Transportation will be served by its own rail network, with specially-designed trains, linking the Sunny Bay Station on the MTR Tung Chung Line with the Disneyland Resort Station by the 3.5-minute-ride Disneyland Resort Line. It will be a thirty-minute train trip from downtown Hong Kong.
Disney invested US$316 million for a 43 percent equity stake in the project. The Hong Kong government will own the remaining 57 percent of the US$1.8 billion project, and expects it to provide 18,400 jobs on opening and up to 35,800 jobs over the following 20 years. The total economic benefits amount to an estimated HK$ 148 billion (US$19 billion), or about six percent of gross domestic product (GDP).
In an effort to avoid cultural friction similar to what happened when Disneyland Resort Paris was new, Disney has taken efforts to make this new park reflect the local culture. The New York Times reports (on April 25, 2005) that Feng shui consultants have helped with the layout of the park and the grounds; incense is burned when the construction of each building is completed; and one of the main ballrooms is 888 square meters large because 8 is considered to be a number of fortune, and the hotels will skip the number four in the numbering of their floors because four is thought of as bad luck. Hong Kong Disneyland employees will speak English, Cantonese, and Mandarin; they have been training at other Disney parks while their home park is being built.
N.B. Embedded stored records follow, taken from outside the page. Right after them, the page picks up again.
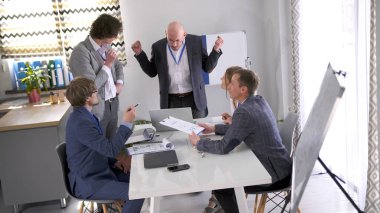 Patronun hoşnutsuzluğu. Patron astlarının çalışmalarına çok kızmış durumda. Çalışanların işten çıkarılması. Bir grup analist konferans odasında bir masada oturmuş bir proje üzerinde tartışıyorlar..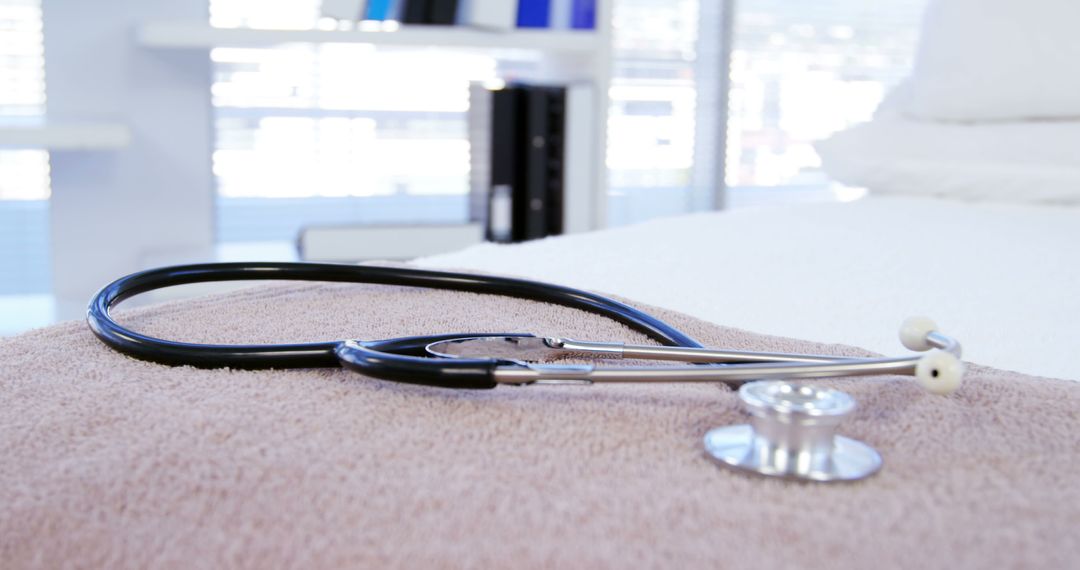 A stethoscope rests on a towel in a medical setting, with copy space - Free Images, Stock Photos and Pictures on Pikwizard.com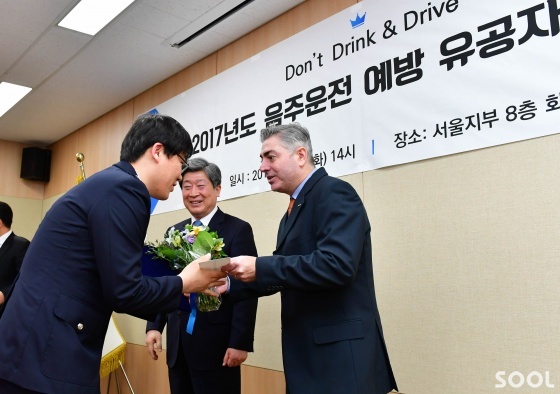오비맥주는 27일 도로교통공단과 함께 건전음주 캠페인의 일환으로 음주운전 예방과 단속에 남다른 공을 세운 경찰관 등을 선정해 포상했다. 오비맥주 브루노 코센티노 대표가 경찰관에게 꽃과 시상금을 수여하고 있다.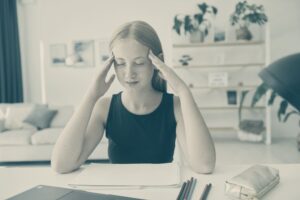 Chica joven con dolor de cabeza sentada ante un escritorio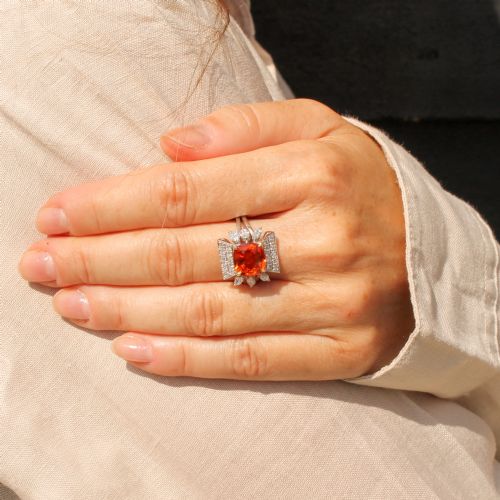 fig 1. A mid-century vintage cocktail ring featuring a cushion-cut orange garnet central gemstone flanked by pave and marquise diamond accents set in a white gold band.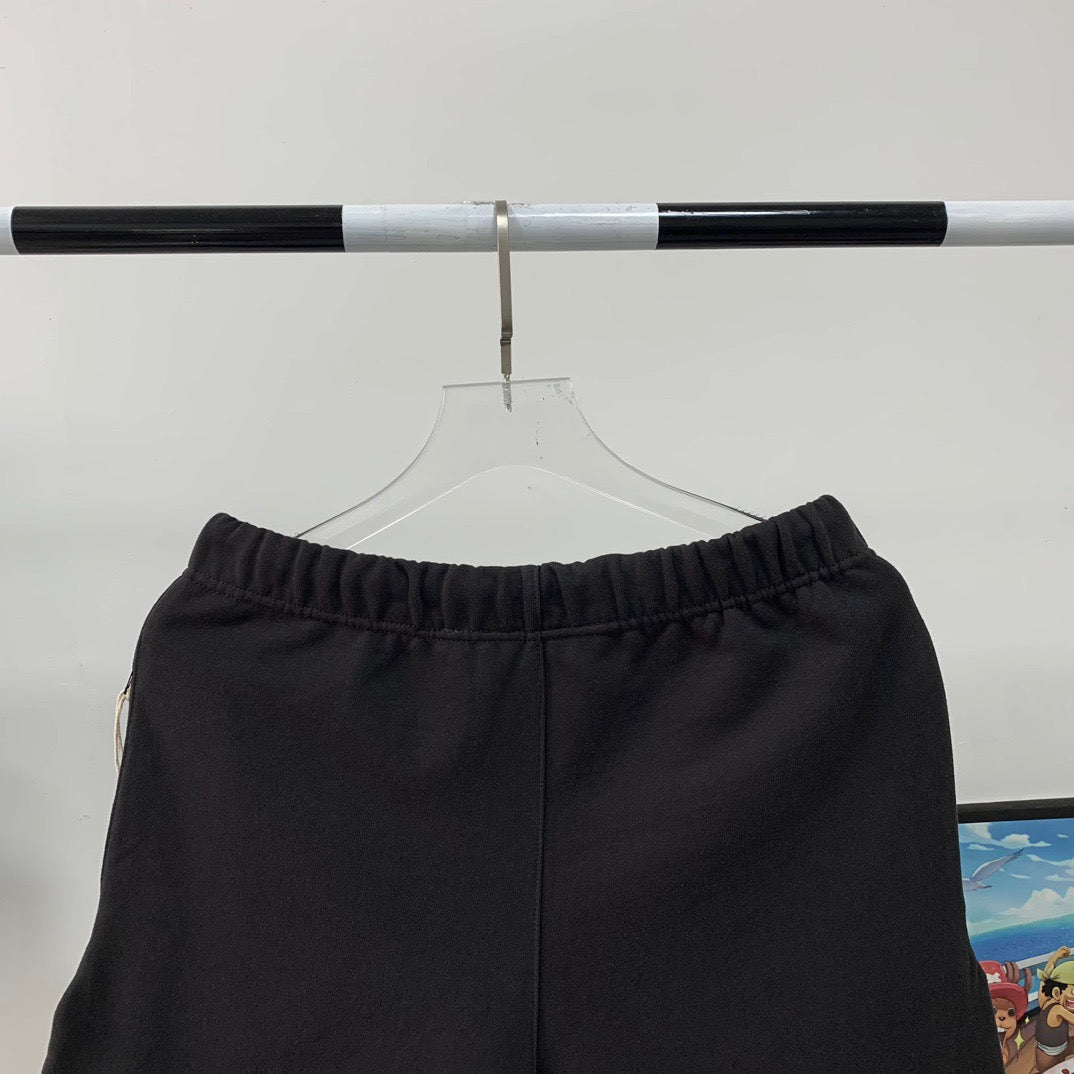 Pantalones cortos grises y negros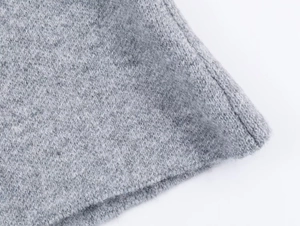 Detailed macro view of the grey knit fabric texture and high-quality stitching detail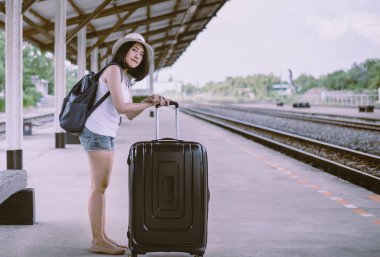 Hippi güzel Asyalı kadın tren istasyonunda bekliyor, mutlu ve gülümsüyor, seyahat ve tatil konsepti.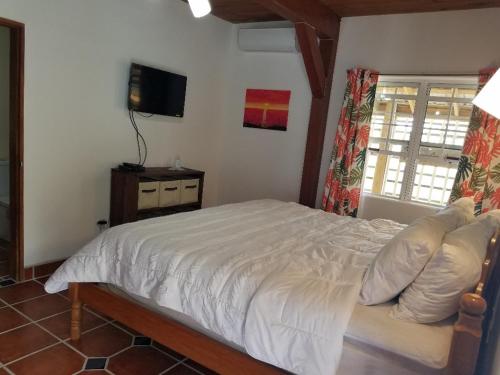 The BNB on Triggerfish Close to the airportにあるベッド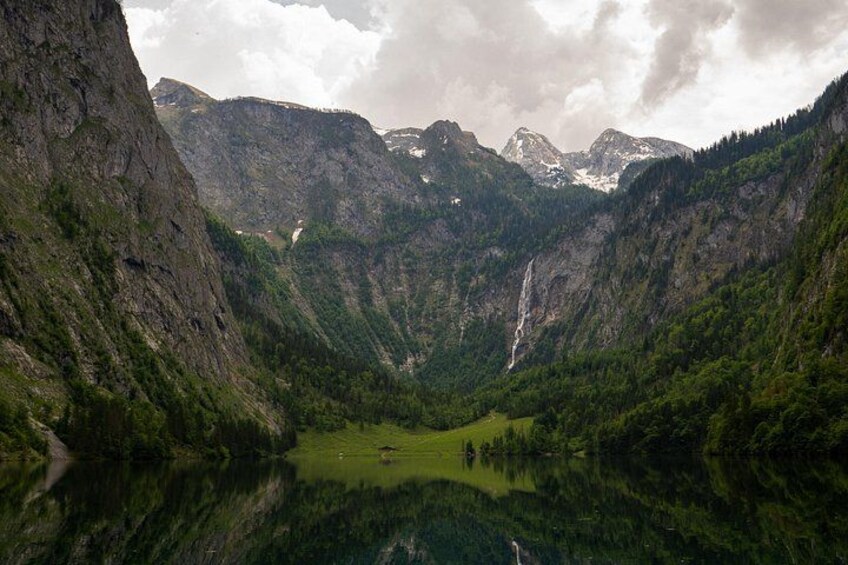 A mountainous landscape with a lake, a waterfall, and a forested valley. 2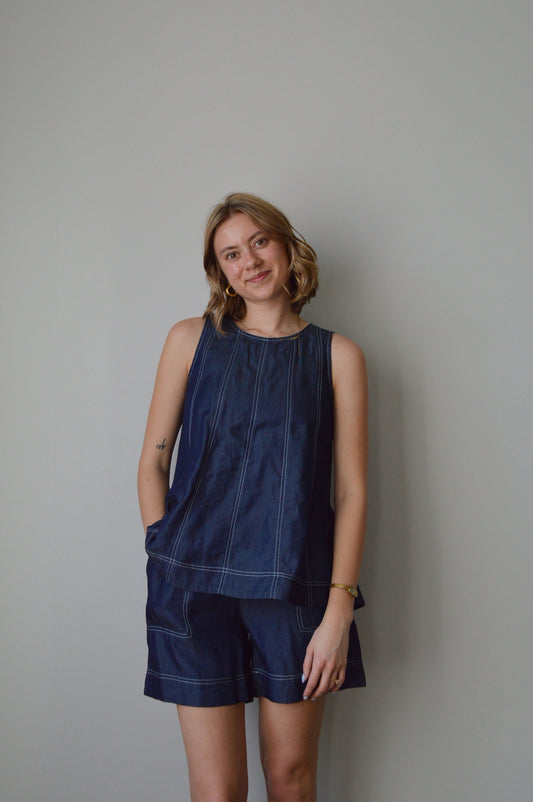 Woman wearing a blue top and shorts set against a plain background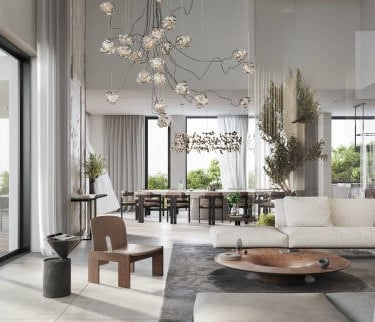 Sala de estar con grandes ventanales, sofá blanco y un sillón de madera marrón en el centro de la im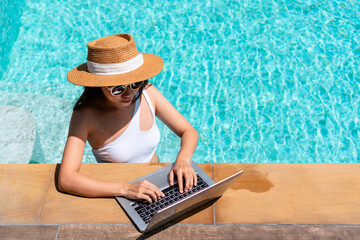 Asian woman in swimsuit using laptop working remotely in swimming pool. Young Asian traveler woman working on computer during her summer holiday. Work from anywhere, Technology and lifestyle concept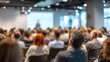 © liu - Modern conference room filled with attentive diverse audience listening focused on blurred professional speaker presenter man or college teacher presenting with projection screen in distance at front.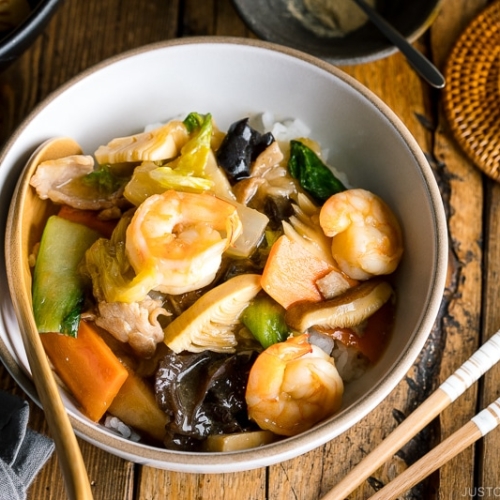 A white bowl containing Chukadon (Seafood and Vegetable Stir Fry Over Rice).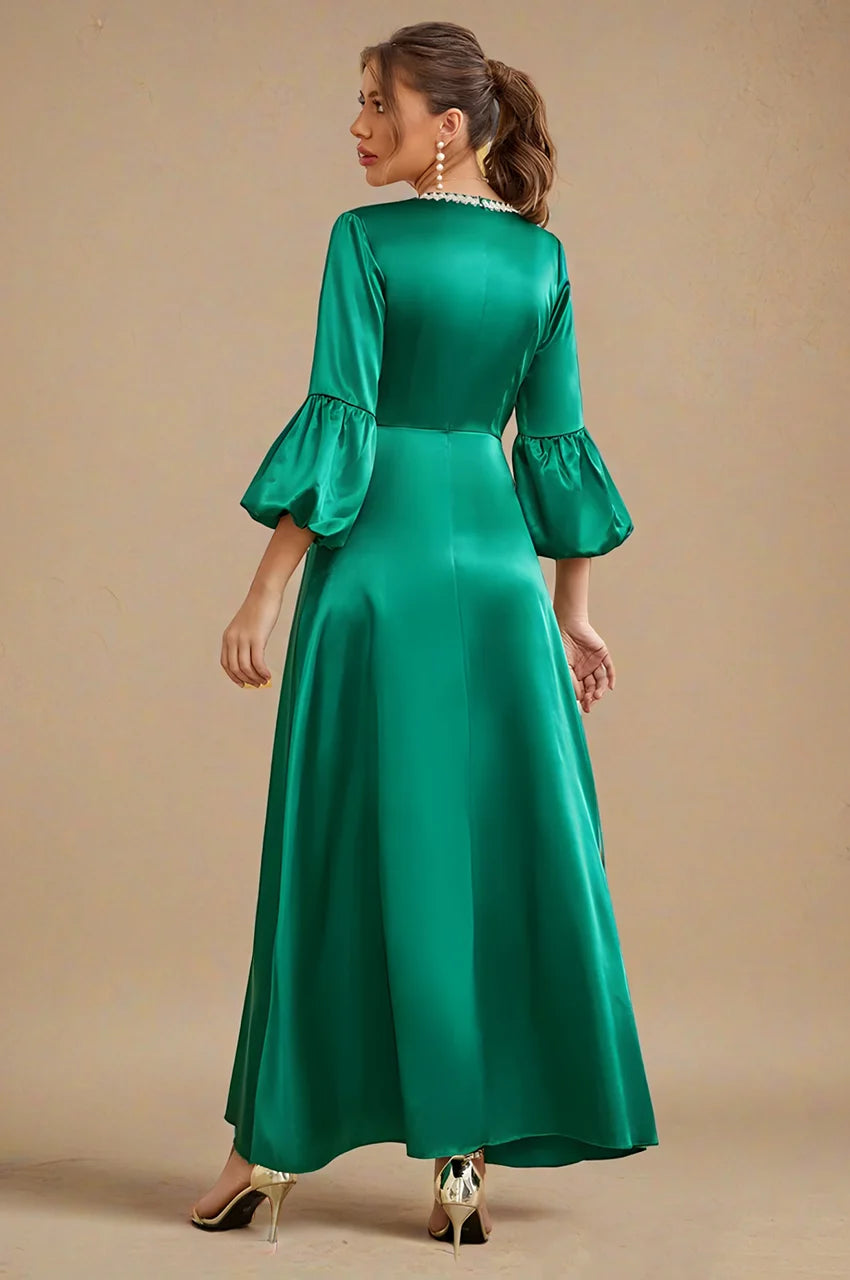 Kiara emerald green kaftan back angled view with puff sleeves and elegant satin drape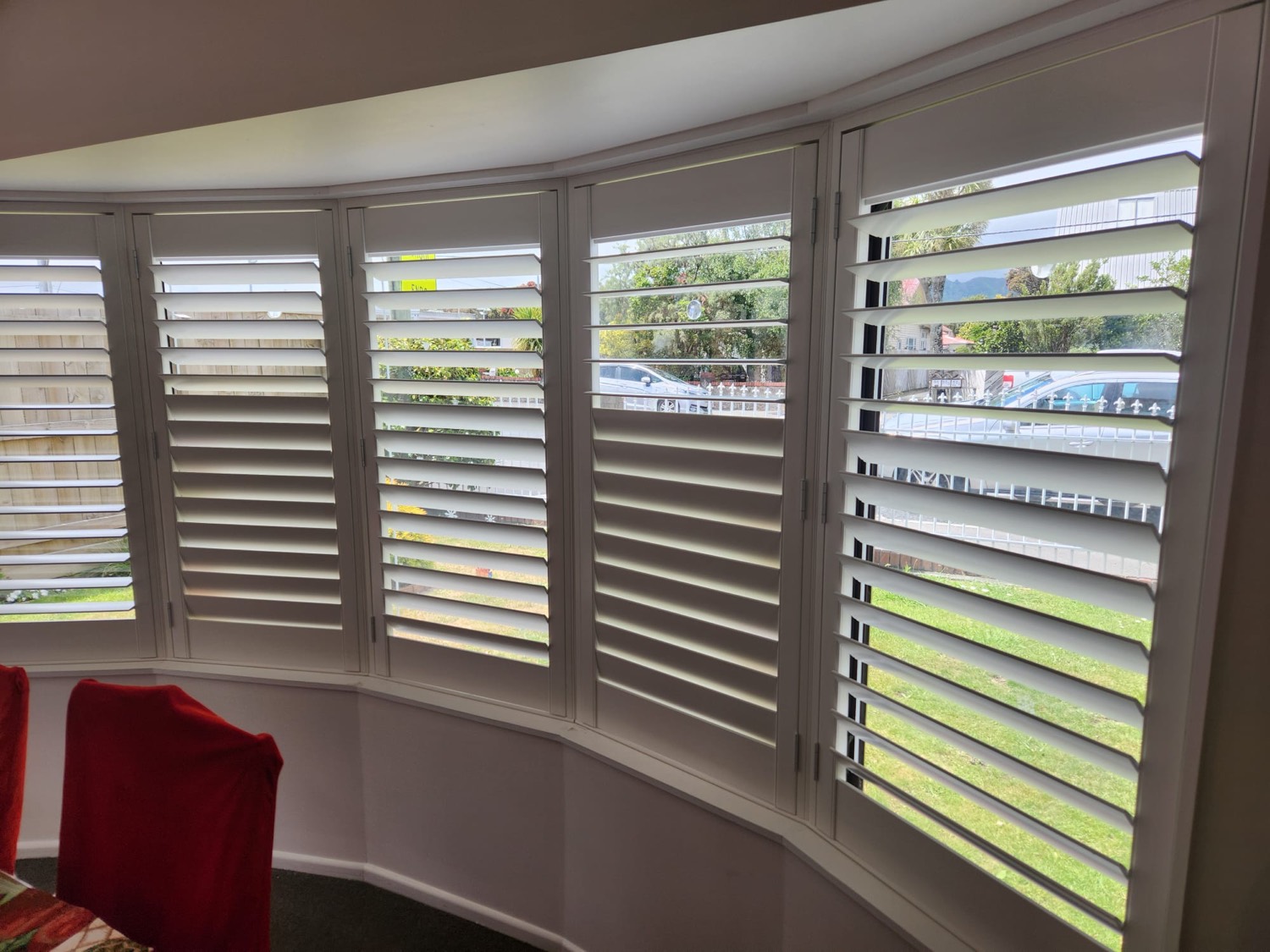 Curved bay window fitted with white shutters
The park is projected to attract five to six million visitors in its opening year, mostly locals, tourists from mainland China and nearby Asian countries. The World Tourism Organization predicts that Hong Kong Disneyland Resort will become one of the world's largest tourist destinations within the next fifteen years.
The park is being built in two phases, with plenty of room to expand after its opening. Land is available nearby for hotels, a second theme park, and a shopping complex similar to Tokyo Disney Resort's Ikspiari or Disneyland Resort Paris's Disney Village.
On November 18, 2004, the tallest turret of Sleeping Beauty Castle was put into place. The company held a celebration attended by the Tung Chee Hwa, the Chief Executive of Hong Kong, and James Rasulo, the president of Walt Disney Parks and Resorts who is also currently serving as the temporary president of Hong Kong Disneyland Resort.
As of February 2005, the park's major attractions are completed and only themeing is needed on these. Scenery and decorations in the park are still yet to be completed, as are building façades. The gardens are to be laid in late-March.